------ INFORMATION ------

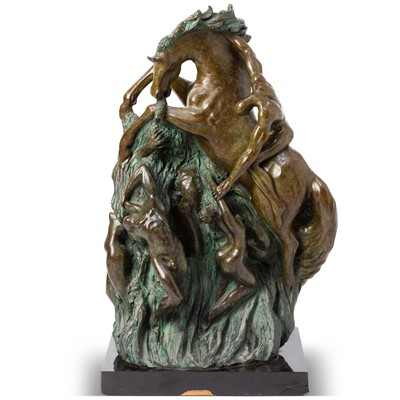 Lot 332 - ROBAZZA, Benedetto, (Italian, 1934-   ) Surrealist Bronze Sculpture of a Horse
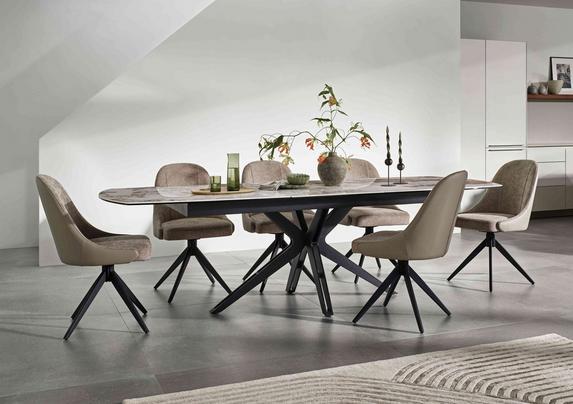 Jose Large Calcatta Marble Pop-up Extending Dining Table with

------
------ INFORMATION ------

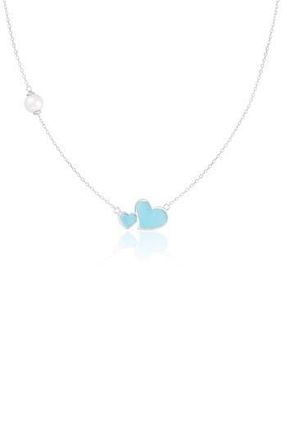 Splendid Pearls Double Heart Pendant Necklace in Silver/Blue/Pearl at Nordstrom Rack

------

• [GOAL OF THE EXERCISE]
To complete this exercise, transcribe exactly the lines above from the one that holds "Sculpture of a Horse" through the one that holds "Jose Large Calcatta". Pictures stay out.

• [ANSWER BELOW]
 Lot 332 - ROBAZZA, Benedetto, (Italian, 1934-   ) Surrealist Bronze Sculpture of a Horse
 Jose Large Calcatta Marble Pop-up Extending Dining Table with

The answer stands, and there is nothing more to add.